The mother who fosters secure attachment is in tune with her child. An ongoing, interactive harmony develops as the mother learns to understand, interpret, and then appropriately react to the child’s behavior. She successfully communicates to her youngster that the child’s behavior is respected, interesting, and significant to her. For example, when an infant babbles, makes sounds or syllables, or begins to talk, the mother notices these new verbal abilities and responds in ways that lets the toddler feel valued. The acquisition of speech is greatly facilitated when a mother holds, smiles at, and talks to her infant (Bus & van Ijzendoorn, 1988).

Infants and toddlers love to explore and play. Mothers who wish to foster security in a young child provide toys and activities in which the child expresses interest. Because infants, toddlers, and preschoolers enjoy making choices, parents who want their child to feel secure provide opportunities to make choices throughout the day. These mothers also allow the amount of playtime the youngster wants. Without interrupting, they allow the child to focus on an activity the child finds interesting and do not distract the child until he or she becomes bored with that activity.

Mothers desirous of having their child form a secure bond with them also evaluate their own childrearing behaviors. They do this by paying attention to the child’s reactions to them. If at any point the child becomes distressed or acts out or displays insecure behavior, the mother does not blame the child. Rather, the mother looks to her own behavior and adjusts it to provide greater security and unconditional love.

The childrearing behaviors described here allow an infant or toddler to feel secure. These behaviors also build a foundation of social harmony between child and mother. The child enjoys being with the mother, and the mother enjoys being with the child. The way an infant reacts to the mother reveals whether the child feels his or her needs have been met in ways that are pleasing. Contrary to popular belief, this kind of parenting will not spoil a child. In fact, spoiled, dependent, misbehaving, and demanding children are created when parents consistently violate these childrearing practices.

Insecure Attachment

When maternal love is not consistently forthcoming, an infant develops an insecure attachment. In this case, the bonding with his primary caregiver is incomplete and unsatisfactory. For example, when the infant cries or shows distress or expresses a need, the mother does not respond, or only responds after a significant delay. The mother may act in loud, abrupt, or exaggerated ways that scare the youngster and cause insecurity. The mother does not spend time holding and cuddling her infant or child. She does not regularly play with, talk to, or exchange smiles with the child. Instead, the mother may attempt to impose her own interests on the child, such as by providing toys and activities of her own choosing. In general, none of the intimate behaviors that occur during secure bonding happen, or these behaviors happen so infrequently that they are not noticed by the child.

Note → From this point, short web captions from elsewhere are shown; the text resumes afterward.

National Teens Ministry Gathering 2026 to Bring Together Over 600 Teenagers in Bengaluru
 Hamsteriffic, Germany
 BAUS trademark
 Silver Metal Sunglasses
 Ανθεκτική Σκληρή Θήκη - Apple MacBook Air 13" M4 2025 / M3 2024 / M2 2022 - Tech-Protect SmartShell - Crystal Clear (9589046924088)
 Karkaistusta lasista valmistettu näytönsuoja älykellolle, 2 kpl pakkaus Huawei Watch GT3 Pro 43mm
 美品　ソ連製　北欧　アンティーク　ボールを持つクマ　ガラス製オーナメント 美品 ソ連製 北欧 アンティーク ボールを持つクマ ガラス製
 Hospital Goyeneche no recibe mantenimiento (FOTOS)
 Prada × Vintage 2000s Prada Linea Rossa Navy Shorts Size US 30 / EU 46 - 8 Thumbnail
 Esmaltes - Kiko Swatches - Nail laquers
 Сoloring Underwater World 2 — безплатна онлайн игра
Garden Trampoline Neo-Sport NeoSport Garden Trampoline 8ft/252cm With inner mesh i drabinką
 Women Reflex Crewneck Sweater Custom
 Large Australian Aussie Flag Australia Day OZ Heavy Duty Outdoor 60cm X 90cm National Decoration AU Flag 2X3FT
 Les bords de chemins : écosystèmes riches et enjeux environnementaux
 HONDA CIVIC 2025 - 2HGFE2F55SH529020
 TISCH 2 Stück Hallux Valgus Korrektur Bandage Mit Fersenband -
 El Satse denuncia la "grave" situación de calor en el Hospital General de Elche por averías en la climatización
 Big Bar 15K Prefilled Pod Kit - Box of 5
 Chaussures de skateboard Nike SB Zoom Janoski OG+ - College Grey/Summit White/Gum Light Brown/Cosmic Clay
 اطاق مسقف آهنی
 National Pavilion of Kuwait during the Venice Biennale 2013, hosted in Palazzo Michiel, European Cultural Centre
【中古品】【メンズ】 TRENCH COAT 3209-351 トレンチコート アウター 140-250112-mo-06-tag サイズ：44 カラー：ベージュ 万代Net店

As a result, the child becomes frustrated because his or her needs are not being met responsively. The child begins to expect that this will happen whenever a need arises. Thus, the child fails to develop trust in adults and in himself or herself. In short, the child becomes insecure rather than secure.

Many undesirable outcomes can occur when a child forms an insecure attachment. Youngsters who experience insecure attachments at home also form insecure attachments with their preschool, kindergarten, and first-grade teachers. These teachers often have difficulty building a relationship with these young students because these children harbor negative views of adults. The children are not trusting of their teachers and may act out in class. In turn, it is difficult therefore for teachers to learn about these children’s needs and to respond to them in a manner that helps them learn and adjust (Bowlby 1988).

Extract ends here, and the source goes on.